My granddaughter, Athena, will be five on Thursday.  Three weeks later she will start kindergarten.  Grandpa has been accorded the privilege of giving her, as a birthday present, the new backpack she will need for this momentous occasion.   When Athena's mother, Diana, told me that Athena would be starting kindergarten, I recalled a brief excerpt from a tape recording that my father made of his mother's reminiscences in 1971.  At that point, my grandmother, Ella Nislow Wolff, was either ninety-three or ninety-four, depending on whose recollections one trusts.  Her age had always been a matter of some dispute in the family, because she was a year older than her husband, Barney, and she tried, without success, to conceal this fact by lying about her age.

Here is my Grandmother's recollection, as I transcribed it from the tape, without, however, managing to capture the distinctive Vilna accent that she retained more than eighty years after coming to America:
 
Miss Moses was a school teacher that my little sister - was not in her class, but the little sister was one that caused a great discussion of having kindergarten.  She was so marvelous at her age, she was four and a half years, not quite, then [that] they started to talk about having kindergarten in America.

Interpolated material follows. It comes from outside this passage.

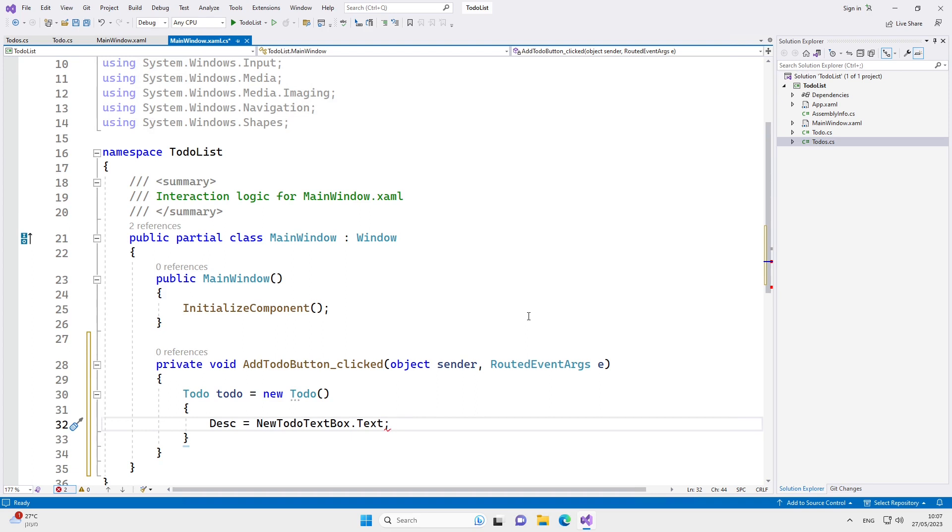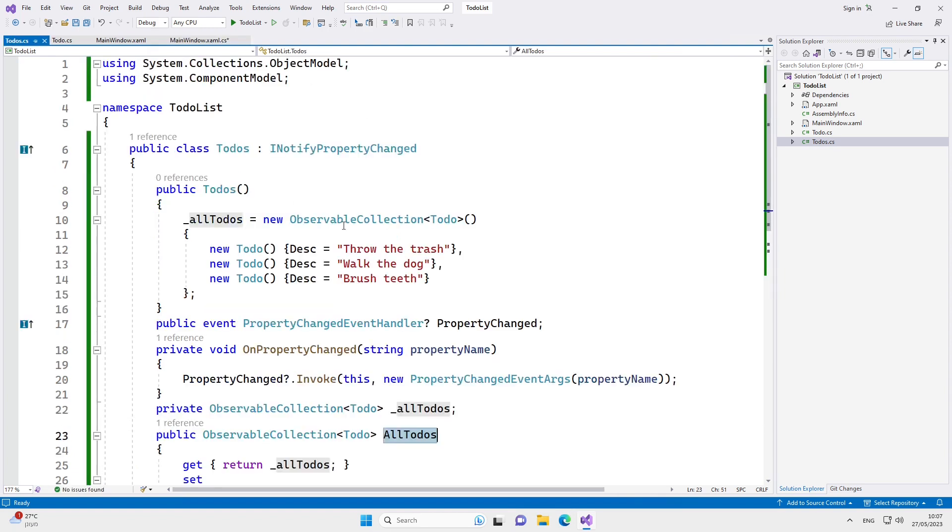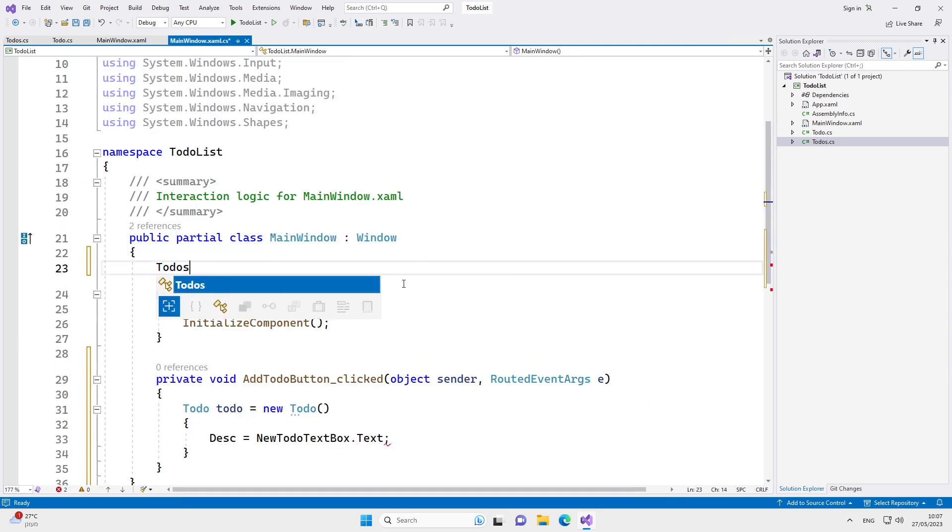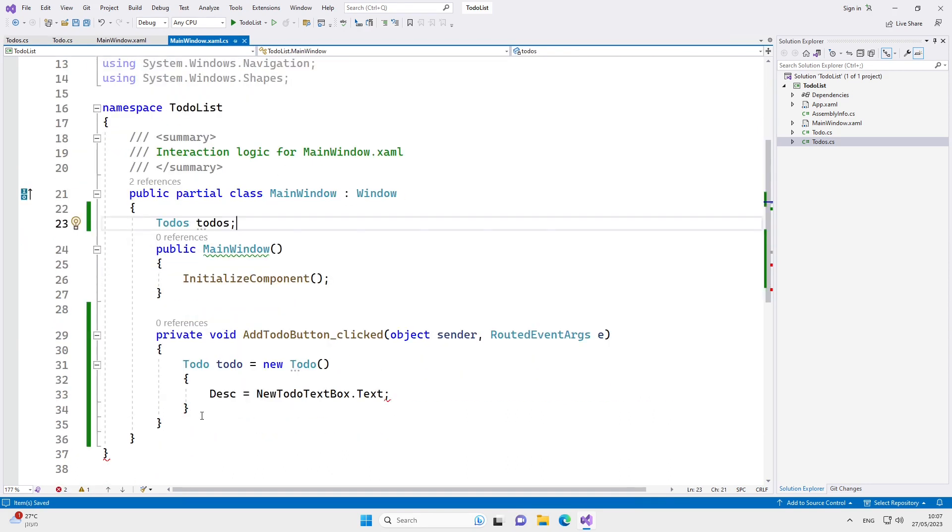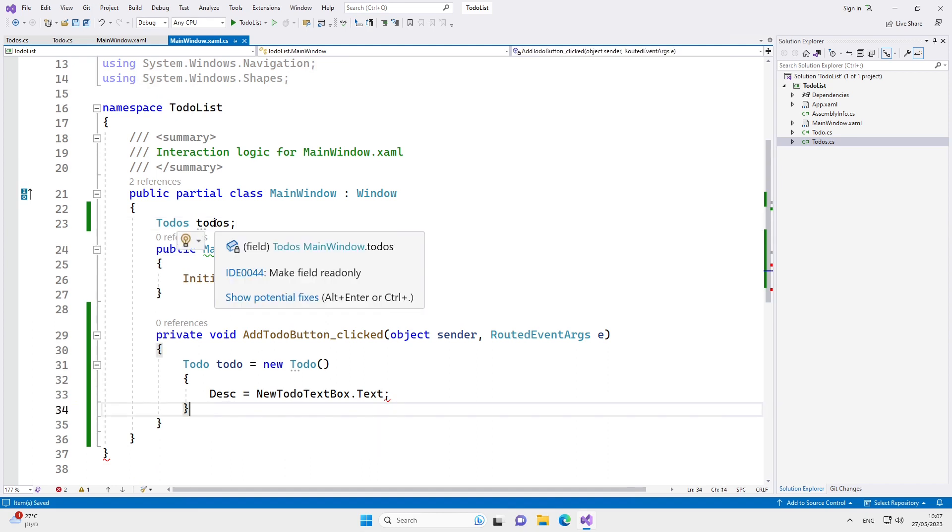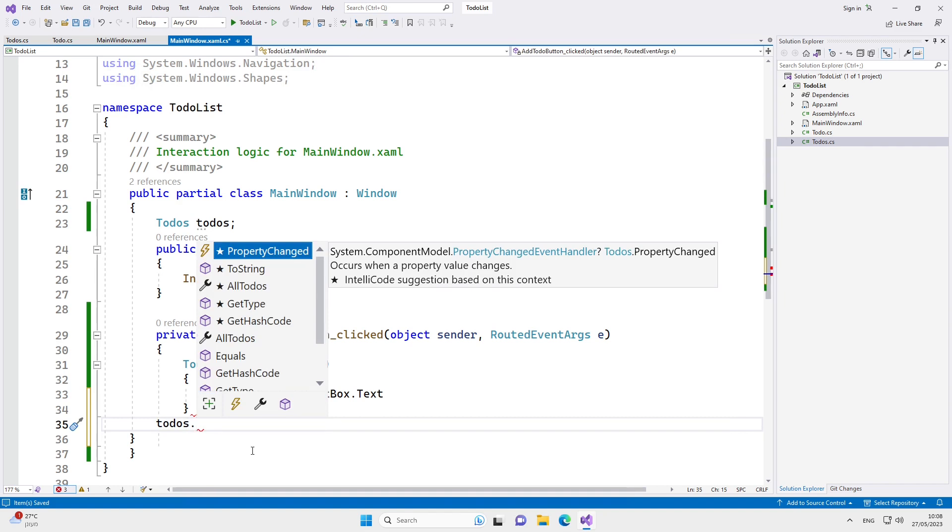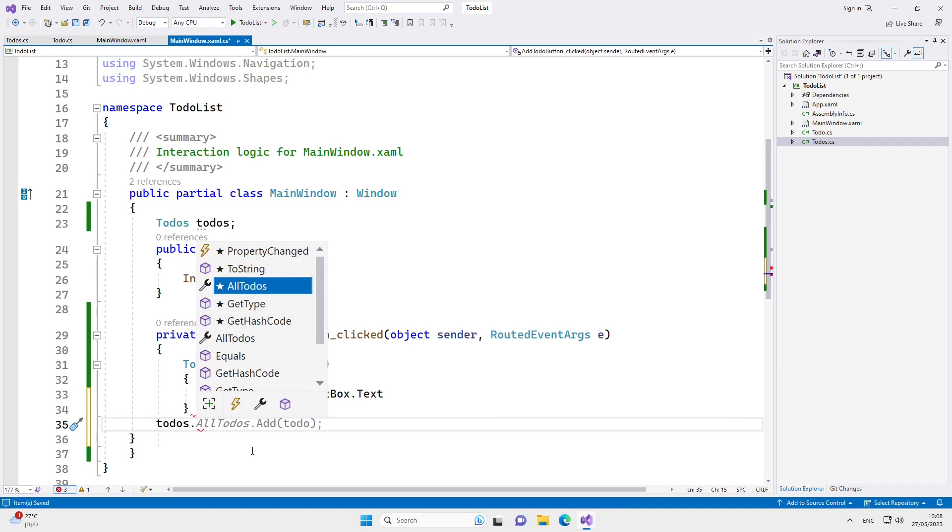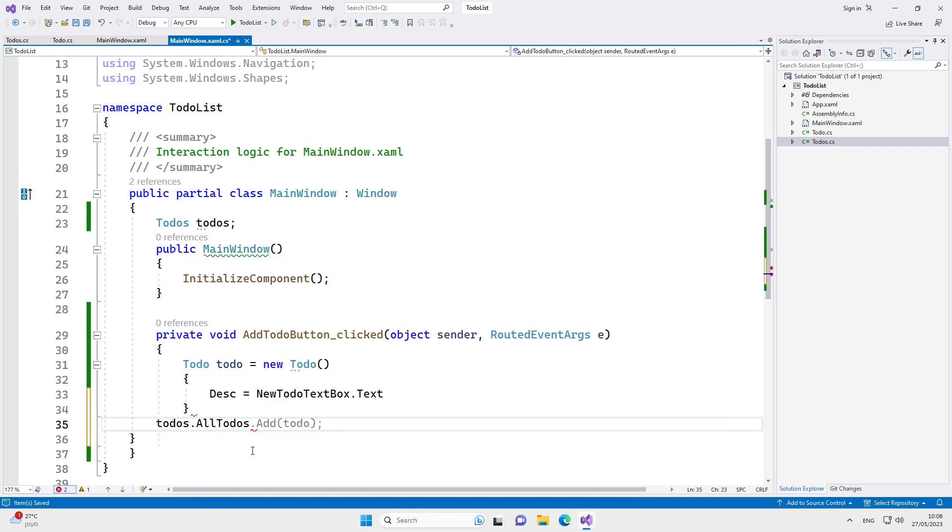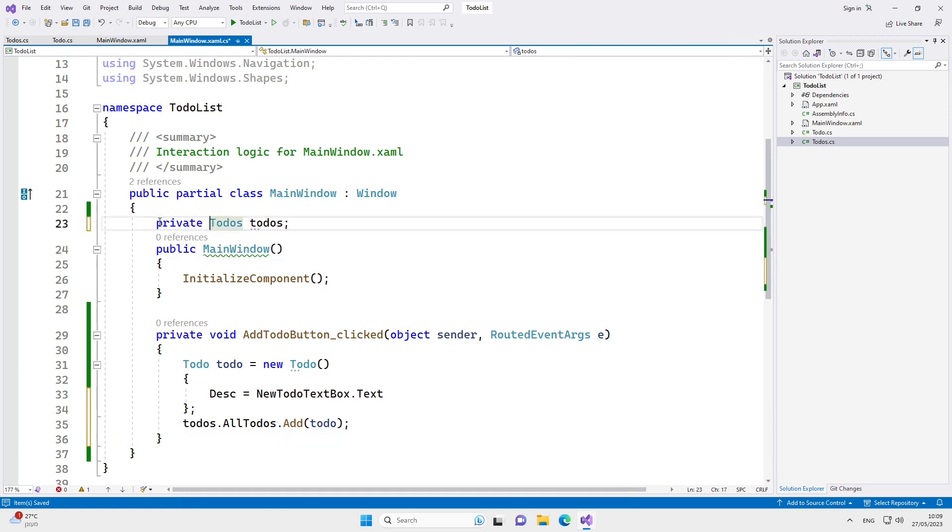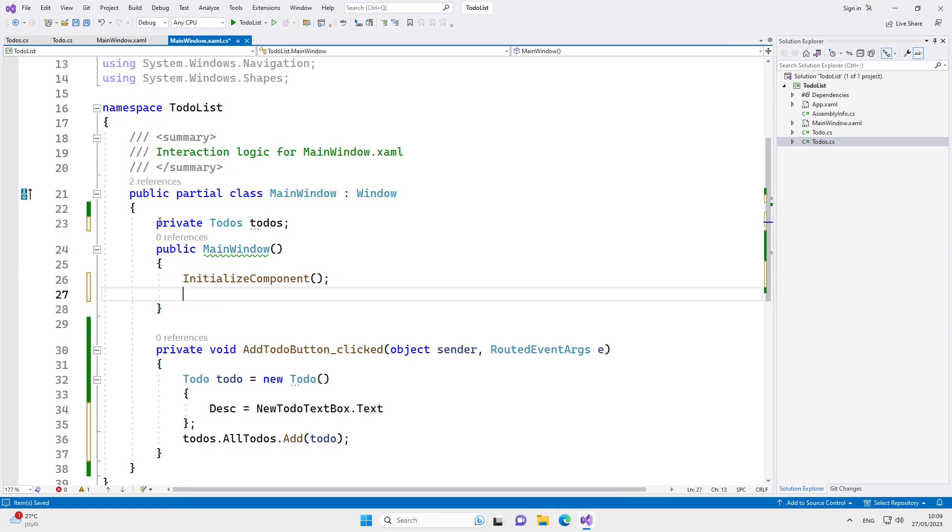That's when we're going to create the one object of the to-dos class. Let's create the reference to this object. Here, we're going to add the new to-do to the to-dos object using its all to-dos property. We must not forget to initialize this object. One last thing we need to do is to set the data context of the UI to our to-dos object.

She died as a child, that’s why Rosabelle has her name.    So they came to the father to tell the father why should a child as intelligent as this sort be working in a shop.  She should get a chance to get somewhere, she should get schooling.  So of course there was no compulsory schooling then so they talked but my father didn’t even pay attention to this.  I went on working.  But my little sister went to school, but unfortunately she got - that terrible winter that we had with diphtheria that time in New York, she was one of those who passed away that time.
 
The father who would not hear of his little girl going to kindergarten was Athena's great great great grandfather, my grandmother's father.  There is this slender thread stretching across one hundred twenty years or more and six generations.  Some day, I hope, long after I have died, Athena, all grown up, will read the book I wrote about my grandparents and learn something of her lineage.  Perhaps, if I am very fortunate, that book will be passed on to her children, and her children's children.  My fondest dream is that, as my grandfather's life in socialist politics inspired me, perhaps my life in the Academy will inspire Athena and her children.